Panzee demonstrated consistent natural word-recognition performance, showing similar outcomes in orientation and test sessions as in earlier annual testing and synthetic-speech experiments (Heimbauer et al. 2011; Beran and Heimbauer 2015). Her recognition of SW123 words was also similar to performance in previous sine-wave testing (Heimbauer et al. 2011). In the current experiment, Panzee identified more words in SW123 and SW12 form than in SW13 and SW23 form. Humans performed similarly with a decrease in performance across conditions from SW123 to SW13, although only the difference between SW123 (with both SW1 and SW2 present) and SW13 (missing SW2) performance was statistically significant. Despite the difference in methodology between Panzee and the humans, 6 of the 12 human participants did perform similarly to Panzee, either overall or in one of the two test-word blocks. In other words, these participants performed exactly the same with SW123 and SW12 forms, or with SW23 and SW13 forms, and were better at identifying SW123 and SW12 words than SW23 and SW13 words in those instances.

Unexpectedly, Panzee’s performance on SW123 words was 58% correct, which was higher than the mean human outcome of 43% correct (although, again, the response modality was different for the two species). Panzee’s higher accuracy may be due to the fact that although sine-wave words can be quite challenging even to humans (Heimbauer et al. 2011), she was very familiar with her word set and had heard them in SW123 form in earlier experiments. Additionally, we acknowledge that closed-set testing procedures do not necessarily present the same challenges as open-set testing, as demonstrated by Sommers et al. (1997). However, in an attempt to compensate for this possible advantage, as noted in the General Methods Human procedure section, human participants in the current experiments were exposed to and tested with a block of Group A natural words and Group B test words, and then with a block of Group B natural words and Group A test words (presentation of blocks counter-balanced across participants). This means that they were hearing half of the natural words before being tested with them in SW (or NV) form. Also, as noted in the Human procedure section, we familiarized our human participants with sine-wave speech in SW123 form before they started the experiment (in Experiment 2 we familiarized them with a noise-vocoded speech in NB7 form first).

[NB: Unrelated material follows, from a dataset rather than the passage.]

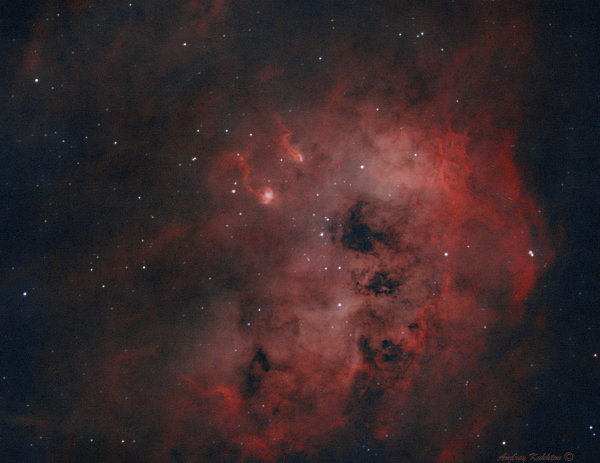 Tadpole Nebula (IC410) 19.02.2029 - Astrophotography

Sommers et al. (1997) also noted that closed-set testing protocols are important when examining discrimination of phonetic features in speech perception; and both sine-wave and noise-vocoded speech contain and preserve some phonetic properties, albeit in abstract form (Dorman et al. 2002; Remez et al. 2011; Sawusch 2005). Therefore, we would argue that the more important result of our experiment is that both species showed a statistically significant performance difference between complete sine-wave words and those containing the F1 and F2, the first two formants (SW123 and SW12, respectively), and the same words when missing the tone analog to either F1 or F2 (SW23 and SW13, respectively).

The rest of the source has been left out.